3月だけで50名ぐらいの学生がインターンでUX改善を行っています。

色々な学生がいるのですが、100%失敗するのは、

「マッチングの流れが悪いので改善して、精度を上げます!」

とか

「契約の流れを全面的に変える!」

みたいな感じで一見正しそうだけど、非常に曖昧な目標設定になっているチームです。

おそらく上場企業のインターンで、ロジカルシンキングの適性みたいなものをやっていて、

それがインターンのやり方だ、という思い込みを植え付けられているのでは無いかと思っています。

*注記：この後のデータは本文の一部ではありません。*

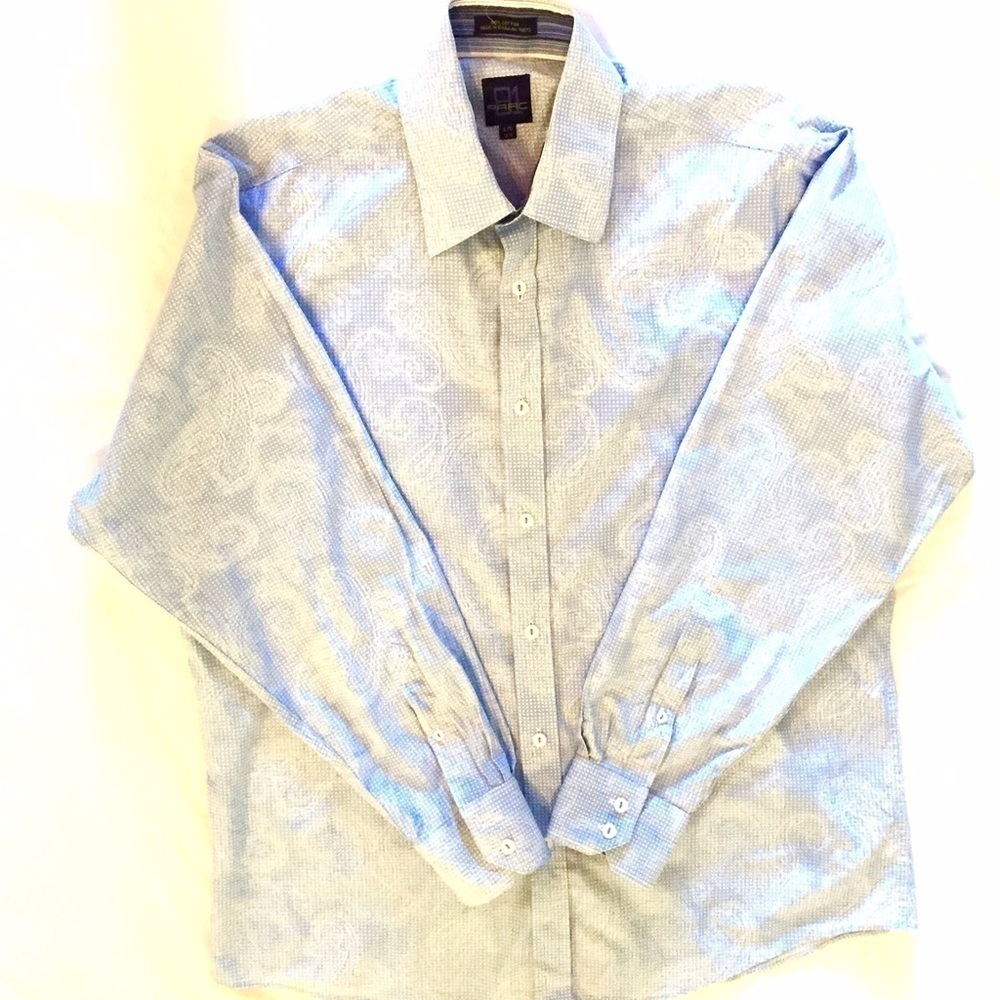 Parc 81 Button Up Shirt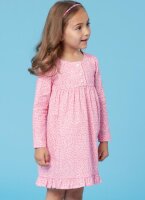 K0250 Nachthemd, Schlafanzug, KwikSew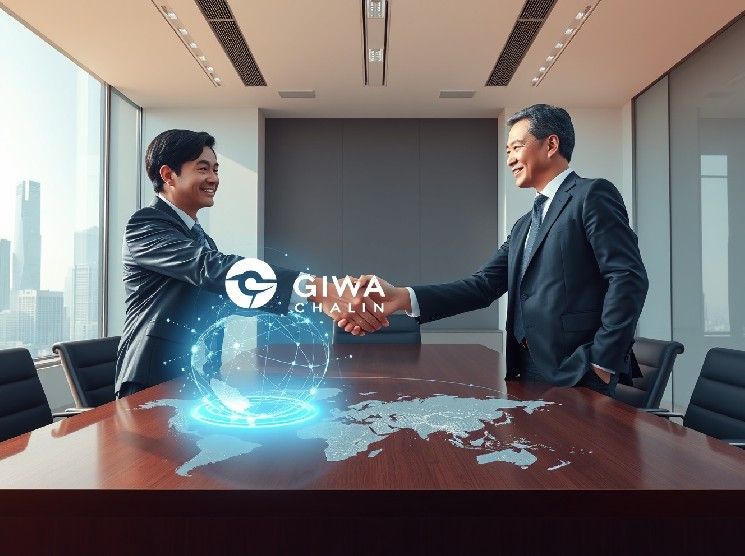 شراكة GIWA Chain: دونامو وهانا المالية وبوسكو الدولية تبنون نظام تحويلات بلوكتشين بديلاً عن SWIFT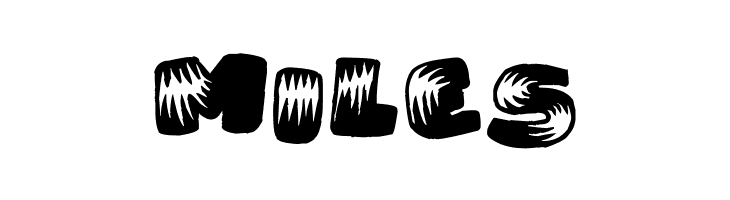 Brightoon Plain  Free Fonts Download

で、メンターが結構止めるのですがあまり聞き入れられず、

画面の繋がりとかを洗い出して、ゼロからサービス作りをしようとして、

こんな機能があったら良い、こんな機能は不要だ、みたいな大風呂敷を広げていくのですが、

数日のインターンでそういったものが上手く行くことはまず無いです。

 

そして何より、クラウドワークスとしてはそんな机上の空論を求めていないです。

私がいつも話しているのは、

 

「UX(ユーザー体験)改善とは、必ずしも機能を追加したり削除したりすることで無いです。

表示されている言葉一つの改善でもUX改善です。 

擬似的に改善したいわけじゃなくて、毎日使っている本サービスへ実際に反映させる前提なので、 

まずは自分自身が使ってみた時の不便さや違和感を大切にして下さい。」

 

ということです。

 

実際に3~5日間のインターンで、10個ぐらいの項目は毎回本番サイトに反映されます。


​見方を変えれば、


「インターンで実際のサービス改善に関わることができるという大きな醍醐味」

があるはずです。

 

そのはずなのですが現実として、

IT系上場企業数社で内定を取っている学生がクラウドワークスでは

内定出ないことは非常によくあるので何かが違うんだと思っています。

 

恐らく他の上場企業のインターンは、左脳的思考(論理)を見ているような印象なのですが、

クラウドワークスは、右脳的(感覚)思考と左脳的思考のバランスを見てます。

 

「不便さや違和感という個人に紐づく感覚を

 きちんと他人に伝えられるように言語化できるかどうか」

 

を見ています。

それがサービス作りとして一番大切だと考えているからです。

そのような中で先日大学1年生が手がけたUX改善が秀逸でした。

 

内容はシンプルで、

・「応募する」ボタンを押して応募すると、

 完了画面で「条件を提示しました」とだけ表示されるのがおかしい。 

→初めてのユーザーは、

「条件を提示しました」=「応募」かどうかが分からないので

ボタンを押したら「応募しました」になる方が自然だと思います。

というものでした。

 

これだけ見ると、クラウドワークスはこんなこともできていないのか!というぐらい

当たり前な内容だったのですが、社員の誰もが慣れてしまっていて気づいていなかったのです。

 

そして、​実際にこれを聞いた全員が同意して即採用になったUX改善でした。

(※どうやら機能追加や削除をしているうちに整合性が取れていなかったようです。)

大学1年生で文章一つに対するささいな違和感をきちんと言語化するのは凄いな、と感じました。

ということで、

UX改善とは、必ずしも機能を追加したり削除したりすることでは無くて、

ユーザー体験の改善につながれば文章一つの変更で良いという好例

だったと思いますので書いてみました。